Netflix tries to break the monotony of layout by adding sections like Top TV Shows In Your Country, but this feels more like a patch rather than a solution to this problem.
Another problem with this layout is that every collection is a horizontal scrolling list. It means that you can scroll the page in two different directions — vertically and horizontally.
All tougher, it makes it harder to choose the movie that you might want to watch if you don’t have a particular title in your mind. Because there are a lot of options to choose from and absolute freedom of choice, users often face a situation called decision paralysis.
When we have a lot of options to choose from, our decision time starts to increase exponentially.
Enough about layout design; let’s talk about personalization. Netflix attempts to help users decide what they want to watch next. Take a look at the cards with movies.
When you hover the mouse over the movie or TV show thumbnail, you will see a nice preview of this show along with essential information about it. The most notable element in the card is the match score. You see green text like 97% match. This number is calculated based on your selection during the onboarding as well as your history of watching Netflix. The top part of the page — the hero section and the first few collections feature the movies with the highest match scores.
If you click on details for individual TV series, you will see a nice window with information about the show, its episodes, and More Like this section. Netflix thinks about the user journey holistically and wants to guide you to the next step — the next TV show or movie that you will want to watch.
Finally, let’s see if I can find a particular movie on Netflix. For example, I want to watch a movie called The Game. It’s a 1997 thriller directed by David Fincher.

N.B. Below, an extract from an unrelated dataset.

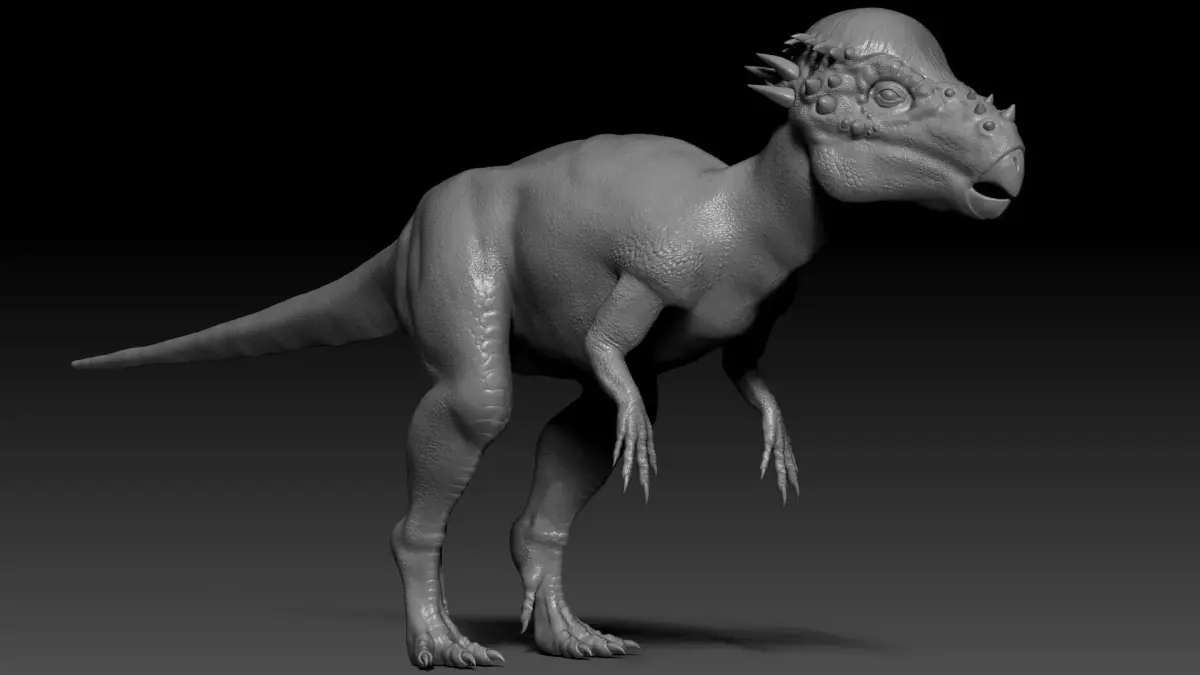 Dinosaur Pachycephalosaurus Sculpt Project 3D model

Type The Game in the search field, and you will see a page full of movies, but I don’t see a movie, The Game.
Netflix suggests trying The Game, which is exactly what I’ve typed, by the way. But let’s click the link to see what happens.
Now Netflix tells me that there is no movie The Game in its collection. And it recommends movies and TV series that I might like to watch. The problem is there is no explanation of how this selection was created in the first place. I suppose that I see Crown because I mentioned that I liked Crown during onboarding and Flight Club because this movie was also directed by David Fincher, but as a user, I have to guess how Netflix created this recommendation.
Pros and cons of Netflix engagement
- Content personalisation. Netflix collects and analyses information about user watch preferences and uses this to suggest content that they like.
- A holistic view of the user journey. Netflix aims to increase the chances that the user will switch to another show or movie after finishing the current one.
- Decision paralysis. Netflix offers a lot of options to choose from and gives a user total freedom of choice. It ends up in situations where users spend a lot of time finding the movies that they want to watch.
- Not really an honest search. When you search for a particular movie, and Netflix doesn’t stream it, instead of saying that there is no movie in its collection, Netflix offers a lot of alternatives that you are supposed to like. Yet, the services don’t create a proper context of how this selection was created in the first place.
This is the end of our review. Let me know what you think about this format in the comments.